Lecture 07
2022-10-17 | Week 4 | by Siddarth Krishnamoorthy
Hi! Siddarth here. This lecture note covers the first 41 slides of data palooza.
Table of Contents
Data Palooza
In the next few lectures, we will be covering the internals of how many languages manage data (including types, variables and values). We won’t be covering specific languages, but will instead look at patterns that occur across many languages. Before that, let’s do a brief introduction of some of the terms we will be discussing.
Variables and Values
A variable is the symbolic name associated with a location that contains a value or a pointer. A value is a piece of data with a type (usually) that is either referred to by a variable, or computed by a program. For a concrete example, consider the statement
a = 42
Here a
is a variable, and 42
is a value.
What are the facets that make up a variable?
- names: variables almost always have a name
- types: a variable may (or may not) have a type associated with it
- values: a variable stores a value (and its type)
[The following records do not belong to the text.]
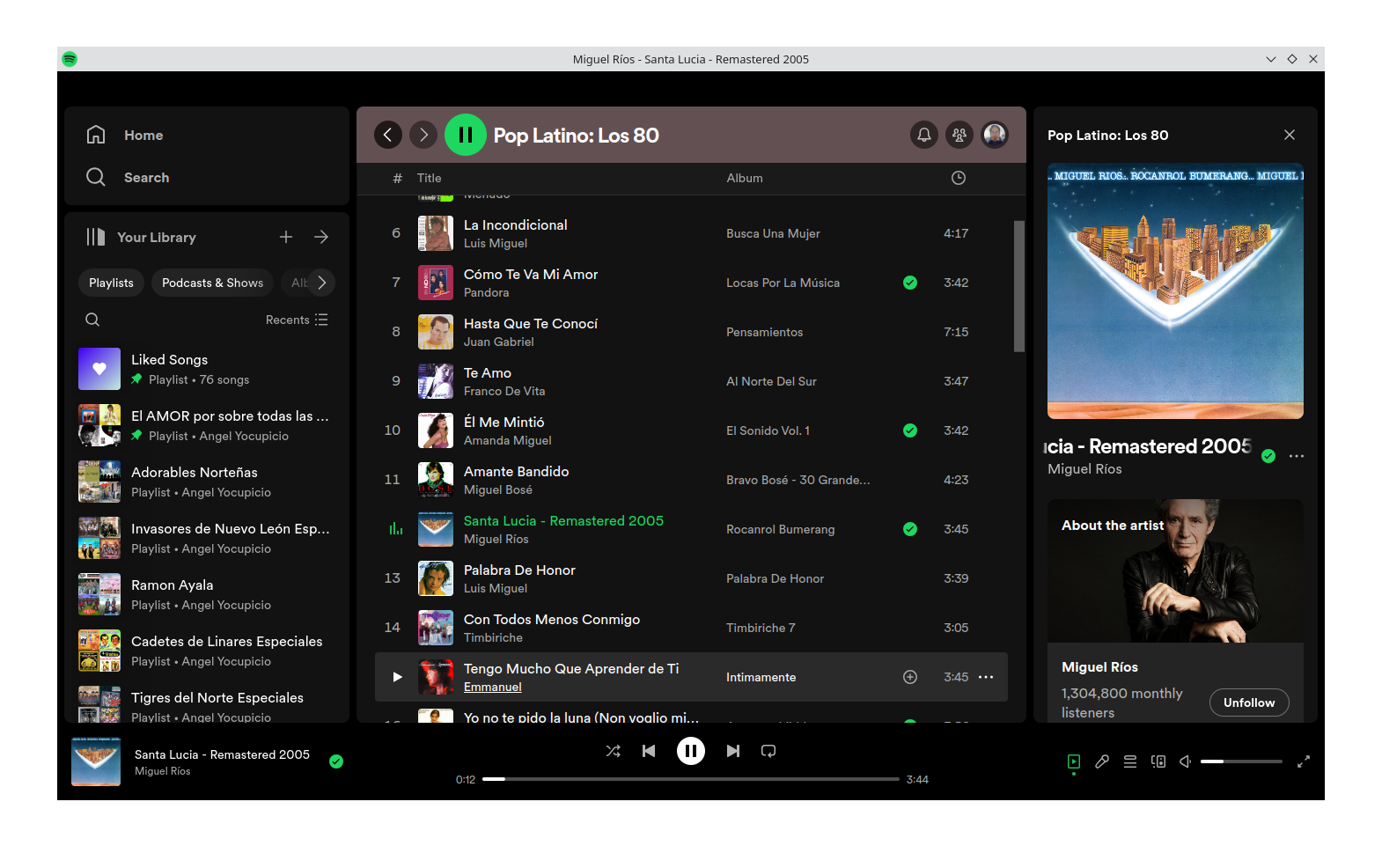 Spotify en Fedora 40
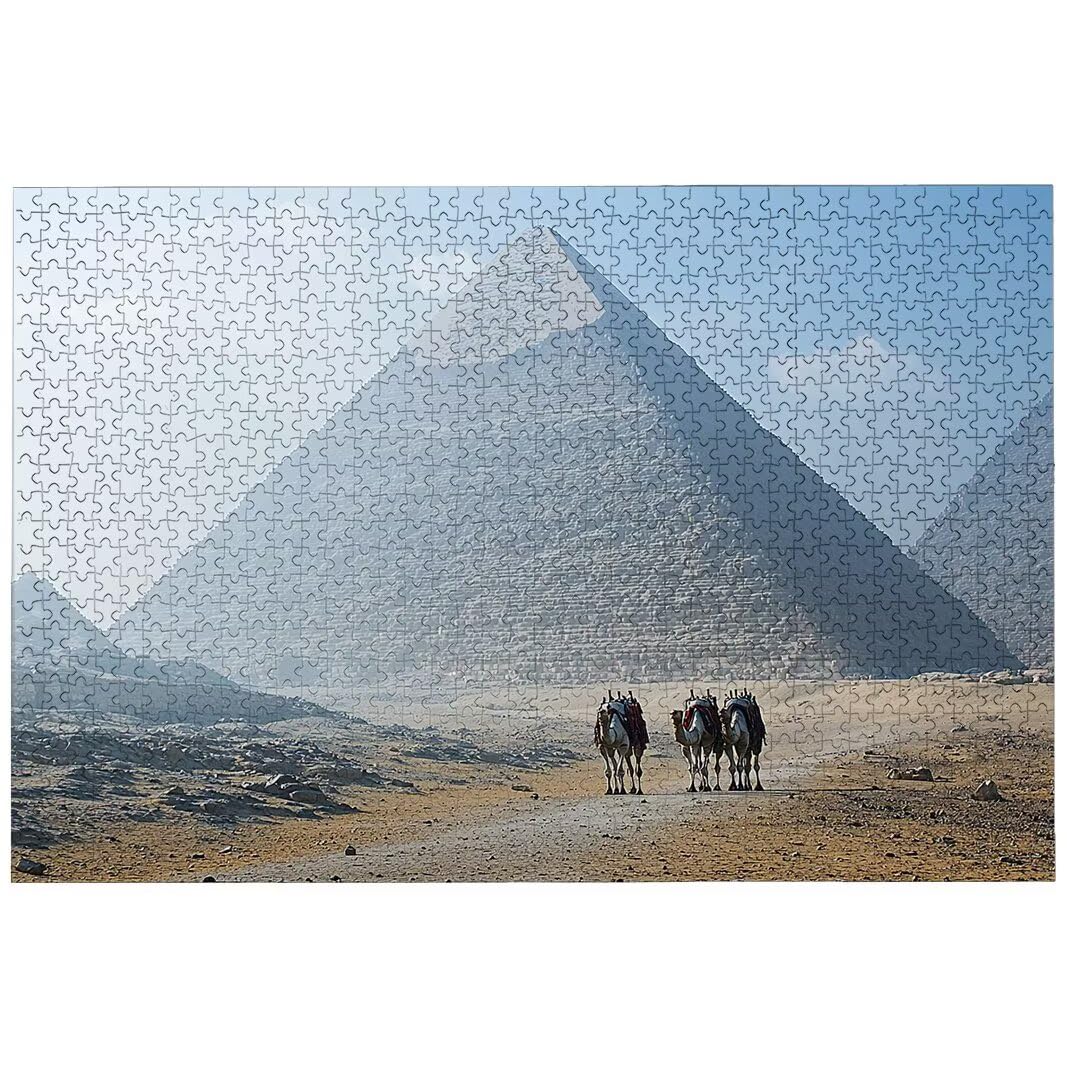 Egipt puzzle dla dorosłych 5000, 5000 puzzli dla dorosłych, 156,5 x 105,5 cm twarde niemożliwe drewniane puzzle, wymagająca gra dla całości dla kobiet, prezenty dla mężczyzn, motyw: (zwierzę), -7239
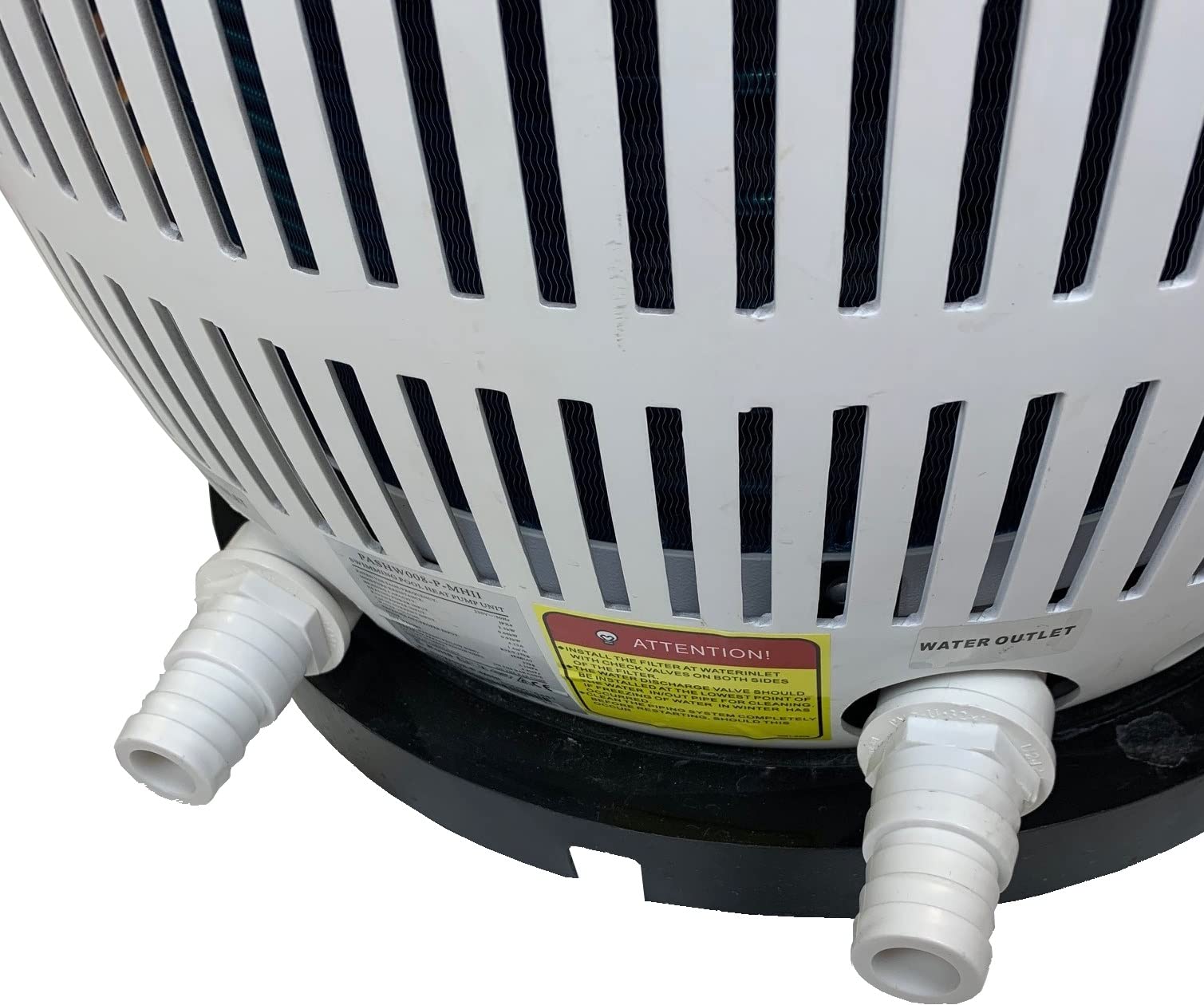 AQUALUX INTERNATIONAL Pompe à Chaleur Piscine Penguin 3 - Chauffage Piscine Hors-Sol 8-20m3 Bluetooth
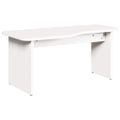 vidaXL Konferenčný stolík 2 ks Biela 100 x 69 x 35,5 cm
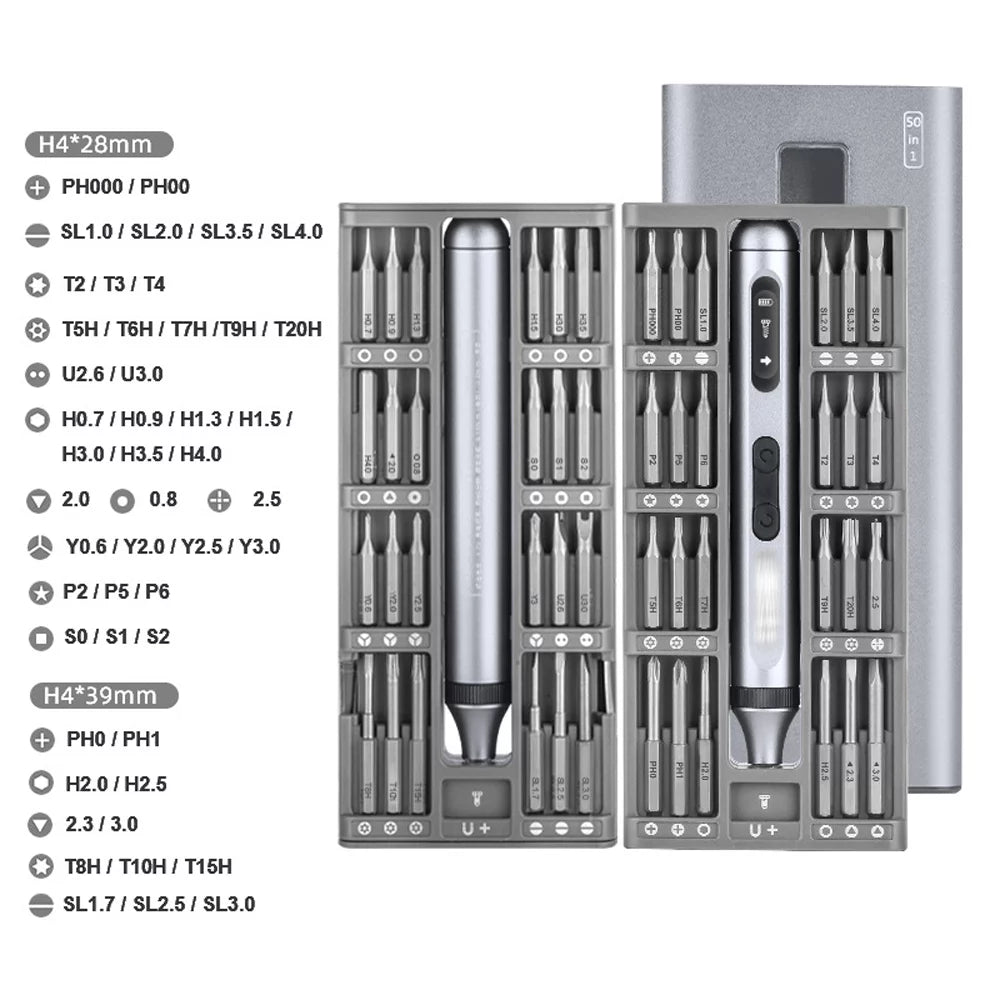 Electric Screwdriver Tool Set R876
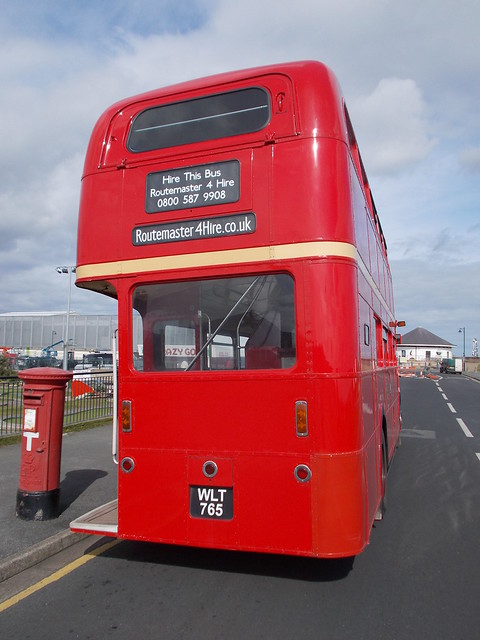 Rear view of RM 765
- binding: how a variable is connected to its current value
- storage: the slot of memory that stores the value associated with the variable
- lifetime: the timeframe over which a variable exists
- scope: when/where a variable is accessible by code
- mutability: can a variable’s value be changed?
What are the facets that make up a value?
names: variables almost always have a name- types: a value will always have a type associated with it
values: a variable stores a value (and its type)binding: how a variable is connected to its current value- storage: the slot of memory that stores the value
- lifetime: the timeframe over which a value exists
scope: when/where a variable is accessible by code- mutability: can a value be changed?
Lifetime and scope seem similar, but they are not the same. Lifetime refers to the existence of the variable, whereas scope refers to the accessibility of a variable. It is entirely possible for a variable to be out-of-scope but still be alive.
Variable names
What must a language designer consider when deciding variable naming rules for a language? There are multiple possible choices here, and there isn’t one single correct answer.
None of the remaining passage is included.